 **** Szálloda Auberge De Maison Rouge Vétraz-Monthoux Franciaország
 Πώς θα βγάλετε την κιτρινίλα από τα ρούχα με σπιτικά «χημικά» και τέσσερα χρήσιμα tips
==
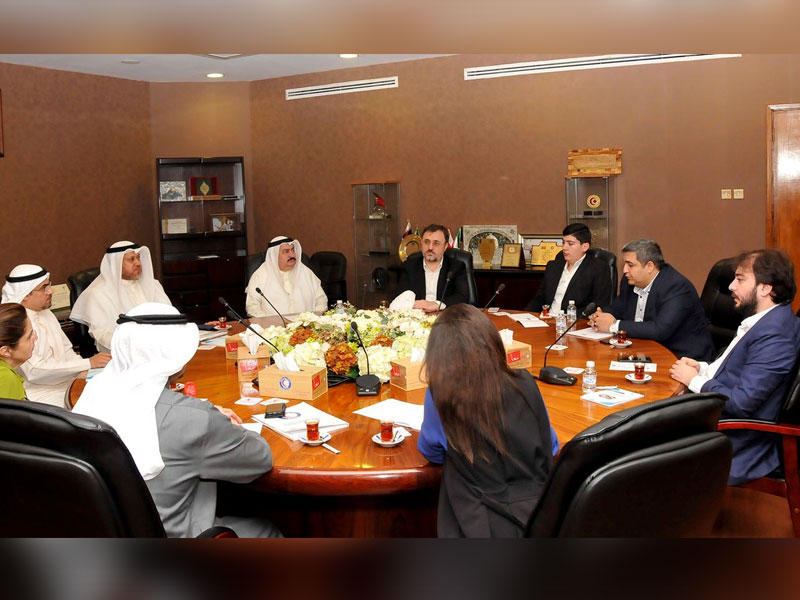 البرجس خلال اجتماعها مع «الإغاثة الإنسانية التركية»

TASK INSTRUCTIONS
Above are the records; print exactly the lines from the line with "Rouge Vétraz-Monthoux Franciaország" to the line with "Πώς θα βγάλετε", including both, and nothing else.

TASK SOLUTION
 **** Szálloda Auberge De Maison Rouge Vétraz-Monthoux Franciaország
 Πώς θα βγάλετε την κιτρινίλα από τα ρούχα με σπιτικά «χημικά» και τέσσερα χρήσιμα tips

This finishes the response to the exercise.